### Work order
Please repeat, exactly and without pictures, the lines of the entries below that run from the one containing "VampireDiariesWorld-dot-org_2x22AsILayDying2011.jpg" through the one containing "2020 Renault TRIBER".

### Record set
▬▬▬

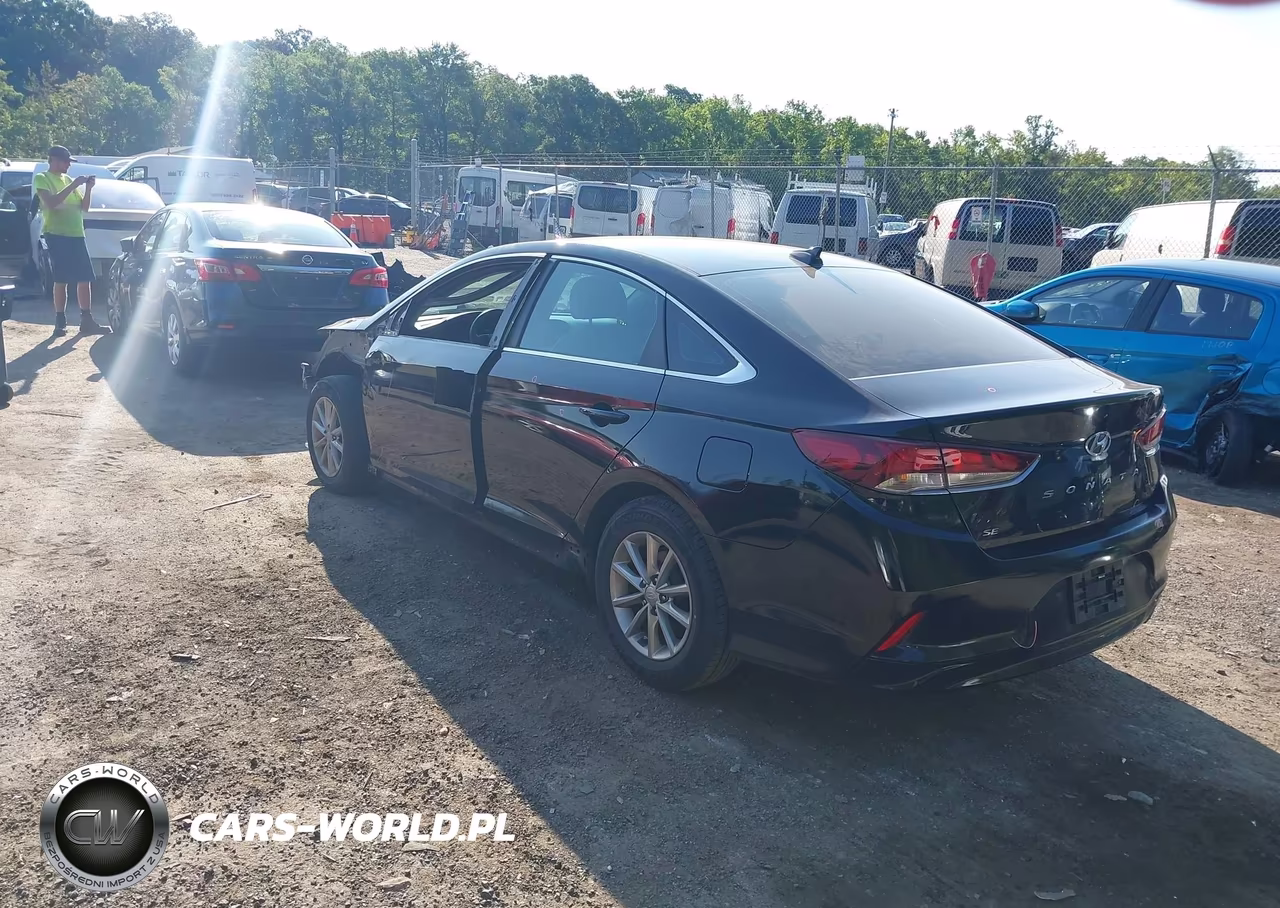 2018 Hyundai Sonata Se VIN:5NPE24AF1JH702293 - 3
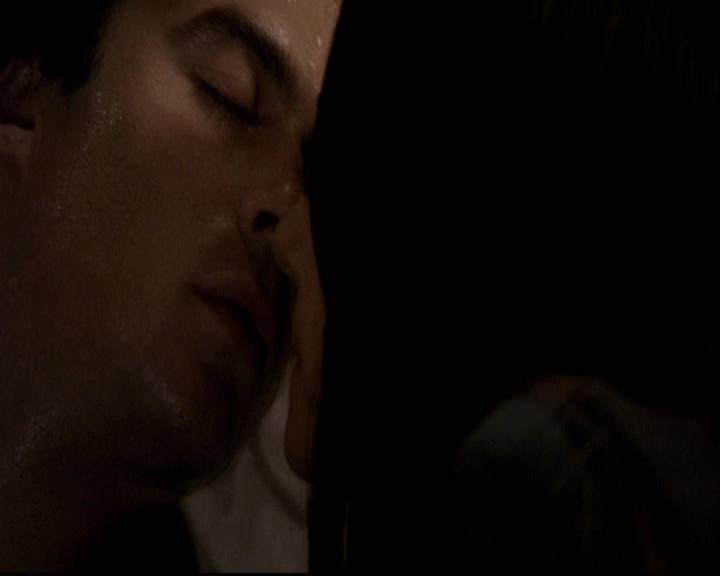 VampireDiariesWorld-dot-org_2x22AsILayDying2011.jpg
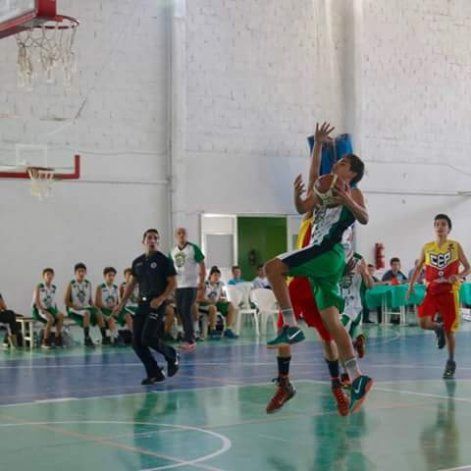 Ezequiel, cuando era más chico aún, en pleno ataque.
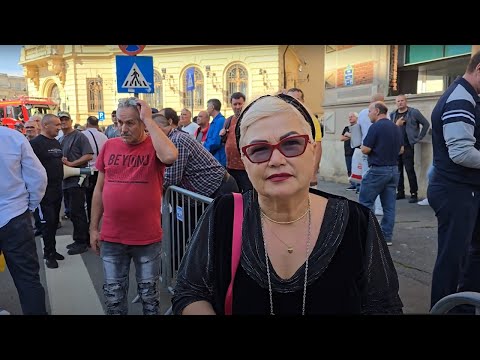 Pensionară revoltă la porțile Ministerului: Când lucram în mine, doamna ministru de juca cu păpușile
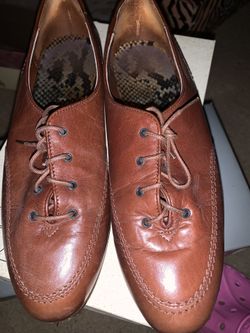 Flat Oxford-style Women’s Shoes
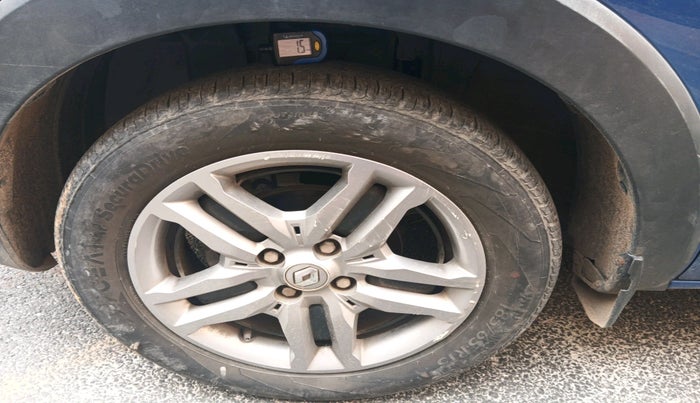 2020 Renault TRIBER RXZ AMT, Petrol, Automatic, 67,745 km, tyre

▬▬▬

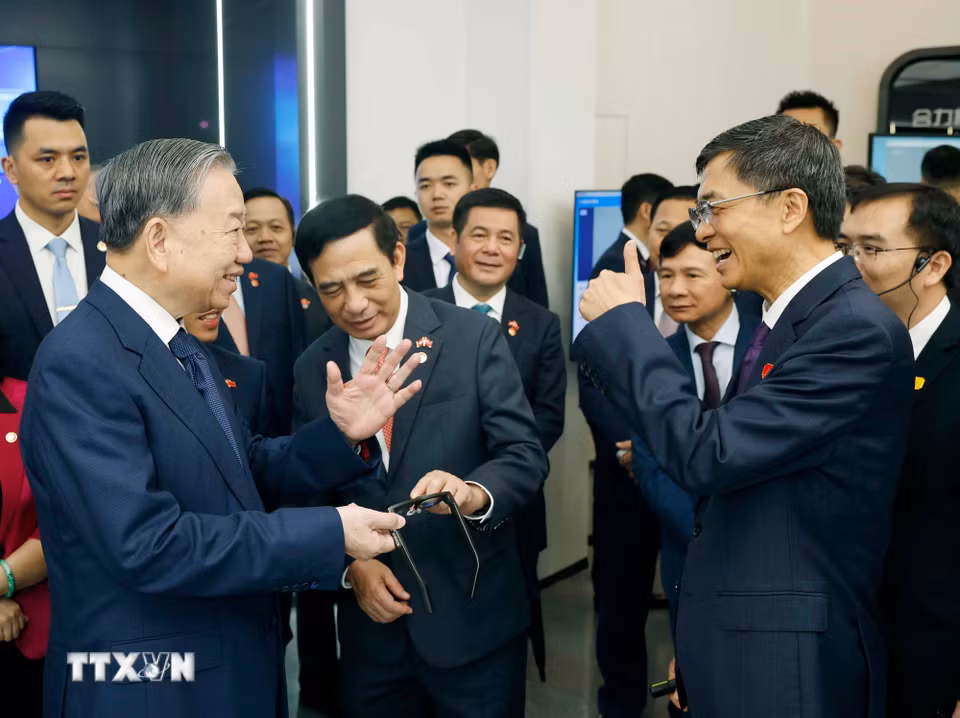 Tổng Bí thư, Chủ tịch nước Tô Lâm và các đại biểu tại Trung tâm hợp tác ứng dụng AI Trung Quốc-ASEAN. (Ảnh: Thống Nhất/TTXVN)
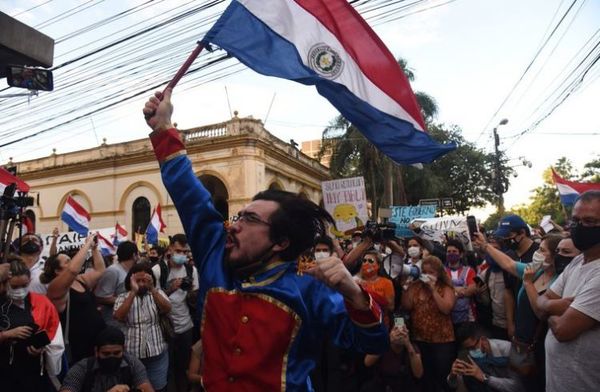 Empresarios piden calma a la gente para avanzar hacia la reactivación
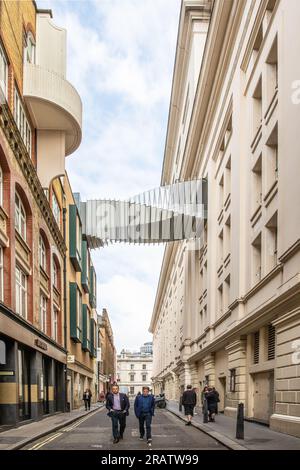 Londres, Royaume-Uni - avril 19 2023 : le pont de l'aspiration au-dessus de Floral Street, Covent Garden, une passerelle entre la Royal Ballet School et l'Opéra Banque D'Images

▬▬▬

### Reply
 VampireDiariesWorld-dot-org_2x22AsILayDying2011.jpg
 Ezequiel, cuando era más chico aún, en pleno ataque.
 Pensionară revoltă la porțile Ministerului: Când lucram în mine, doamna ministru de juca cu păpușile
 Flat Oxford-style Women’s Shoes
 2020 Renault TRIBER RXZ AMT, Petrol, Automatic, 67,745 km, tyre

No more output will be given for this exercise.